The double-tracked guitar solo is great, especially when it cuts out and you immediately notice how sleek and energetic the production is. I’d argue you to down to the ground that it was wasted on Tiger B. Smith, because it’s only but one part of what makes this album such a loser’s achievement against the odds (Another is their publishing company name: ‘Heavy Music, BMI.’) “Can’t You Remember” is a quick bounce over the crappy’n’sappy “Anna Sheffield” and it is every inch “Virginia Plain”’s rock chick younger sister stripped of camp, class and charm, and wouldn’t you know it: Schmidt’s already crooning like Bryan Ferry with a sore throat backing Slade.
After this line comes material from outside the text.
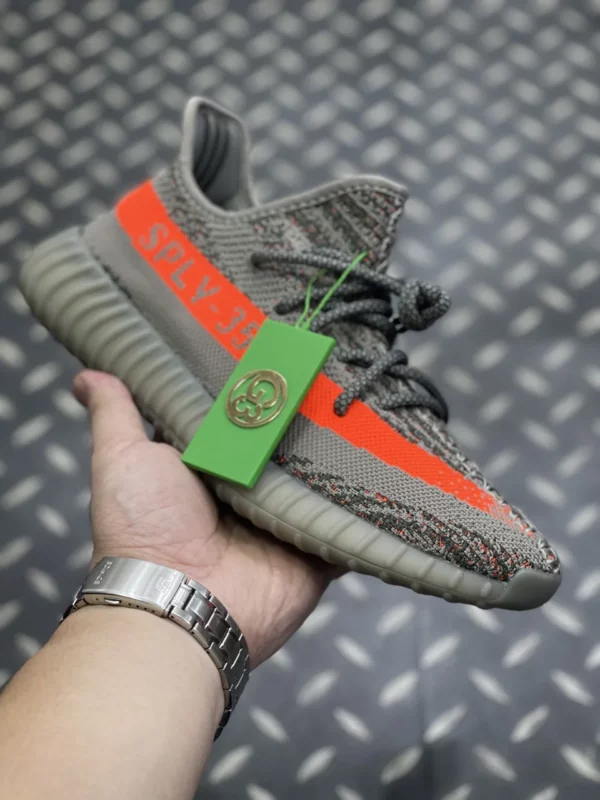 Yeezy shoes - Reps shoes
You wish it were misspelled on purpose for working class street cred, but no dice, Noddy. Schmidt’s too busy roughly tearing outta his throat the classic throwaway line “You treat me so bad/I can hardly write my name” that is such a non-plussing, dummy line, it’s so first draft, it rocks. But not nearly as much so as when he bawls: 

“All day long
All night long
I love you so hard
There was blood all over my bed!!”

That is what I call totally uncalled for, disgusting, vulgar…AND outright hilarious, simultaneously. And when they throw in a tortured, strangulated beat-off supreme of a guitar solo, you begin to believe that they could probably even take the slow-burning eleganza of Roxy’s “Both Ends Burning” and reduce it to the level of a sonic Soho knee trembler. Tiger B. Smith, man: they really do as much a number on side two as they did those bed sheets. They then go for broke with the last two songs of the album, “Inside My Head” and “We’re The Tiger Bunch.” “Inside My Head” is like an amphetamine “Blockbuster” by The Sweet that gets sky-jacked mid-flight by The Osmonds “Crazy Horses.” It really is. Everything’s in attendance: the consistent, big-booted stomp drums of Karl Heinz Traut over Schmidt’s guitar, Klaus Meinhardt’s loping bass and a clumsy, corkscrewing synthesizer accent that bursts in. After every sung line of “See that tiger!/Crazy tiger!” there’s one of those “Weeoouuuee!” screech-outs, Hahahahahahaha. And the guitar’s reverb treatment becomes very apparent with all the middle break stop and starts, when it carries on into an aural bas-relief several feet wide. Oh, it’s crazy all right when “Weeooooouuuee!”s are applied over and over again by song’s end. To totally cap it off in fine style, they break into the title track, “We’re The Tiger Bunch.” No prizes for guessing it’s a total ‘we’re the top o’ the heap’ chest beater, but wait a minute, what’s this? It sounds nothing less than The MC5’s “Looking At You” off “Back In The USA” as Holger’s grizzle/growl informs us, the listener that “There’s no group like us around!” amongst The Smiths’ list of achievements. And I believe them, I truly do. Because when a Rachmusikpuppettgruppen like this goes THIS far, it’s truly distinctive. And ever better, it rocks up the kind of storm that had, by and large, cooled off for the moment by 1975.

Yes, they were for real.
Now repeat after me: “Weeeeeeooooooooooouuuee!”